CuneiForm can save text formatting and recognizes complicated tables of any structure.
It recognizes Bulgarian, Croatian, Czech, Danish, Dutch, English, Estonian, French, German, Hungarian, Italian, Latvian, Lithuanian, Polish, Portuguese, Romanian, Russian, Russian-English bilingual, Serbian, Slovene, Spanish, Swedish, Turkish, Ukrainian text.
CuneiForm can save recognized text in RTF, HTML or plain text format. It can also pass text to Microsoft Word or Microsoft Excel.
On-line recognition service
In June, 2008 Cognitive Technologies launched a free on-line recognition service on OpenOCR.org. Before its launch 10,000 recognitions per day using this service were planned by the end of 2008.
History
Once leader of OCR software in Russia, CuneiForm was in competition with Abbyy Fine Reader.
In 1993, Cognitive Technologies signed an OEM contract with Corel Corporation, which allowed the Cognitive recognition library to be built into the popular publishing package Corel Draw 3.0 (and subsequent versions).

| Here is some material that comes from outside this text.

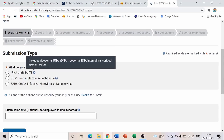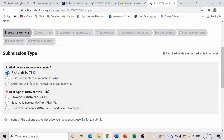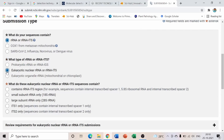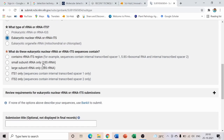The first step is Submission Type. For fungal cultures, the sequence content is rRNA using ITS primers. Since fungi are eukaryotes, select 'Eukaryotic nuclear rRNA or RNA ITS.' Then select the first option — 'Contains ITS regions' — and click it.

In 1996, OCR CuneiForm'96 was released, which was the first OCR package to include the adaptive recognition method of character recognition. This is method based on a combination of two types of printed characters recognition algorithms: multifont and omnifont. This self-learning system is capable of recognizing poorly printed symbols by creating an internal font generated by those symbols which were printed well enough to be recognized. Thus dynamic adjustment (adaptation) for specific input characters is used.
Future
Cognitive Technologies has started a program to make OCR available for all users. Its first step was releasing CuneiForm as freeware.
Cognitive Technologies plans to start developing a new version of the software as an investor and coordinator of the project. Developers decided on the BSD license for the release to take into account all legal and technical nuances, but the whole program or its separate modules may be released later licensed under the GPL.[2]
In September 2008, part of Cuneiform was released as open source software. One of the missing parts is table analysis, However, Cognitive has promised to release this component in the future.
Cuneiform is being ported to Linux, BSD and Mac OS X [3]. This branch of code will finally be merged with Cognitive codebase.